Part of it comes from frustration. That sense of things that you know you can help with but are incapable of reaching because of an ever widening sea that stretches between you and the problems.
Another is an insidious feeling that things are being assumed about me and my abilities simply because I am older. Ugh. I hate the word. I am 51. My inner life, my thoughts and passions, do not feel any older than they did when I was 12, 20, 30 etc. save for increased knowledge and some small amount of wisdom and experience.
Still as a man who has spent his life as a communicator and marketer I know when the packaging is having a detrimental effect on the product. I can feel it in my bones.
I’m also a person of conviction. I speak out when I feel injustice or inequality. I voice my opinions. I work hard to ensure that my public face is the same as my private face.
I can be a loud mouth.
It’s the packaging or the personality. Maybe both. Likely both.
All of these things are conspiring against my being taken seriously lately. I do not feel old but I feel like others feel like I am becoming old. Does that make sense? It is incredibly frustrating to feel as if you are losing control of your own brand, as it were.

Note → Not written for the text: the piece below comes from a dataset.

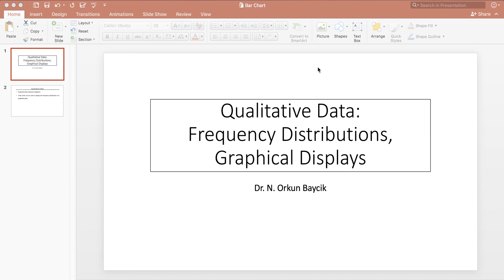Hi everyone, this is Dr. Orkun Bajic and today we are going to talk about qualitative data, in other words categorical data. We are going to look at how we can create frequency distributions, relative frequency distributions, and percent frequency distributions when we are given qualitative data. And we are going to use a bar chart to represent this qualitative data graphically.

Obviously this is unacceptable. At least by me. I will always fight these things. I will fight the rust of a sedated life that is pushed aside. I will fight the pressure to be defined by a box. I will fight age. I will fight death. I will fight it all as best I can. It is all I know.
Still…this weathering has me feeling the penumbra of depression that seeks to slide across my mind like a dark eclipse blotting out the bright, good things. I can feel it and it makes me restless and uneasy.
I retreat into busyness without depth to avoid it. I hide in senselessness and numbness from a self-inflicted anaesthetic to protect myself. Not a great place.
Ultimately it is a need to be known, to be valued, that is likely at the root of these things. We will see where it all leads.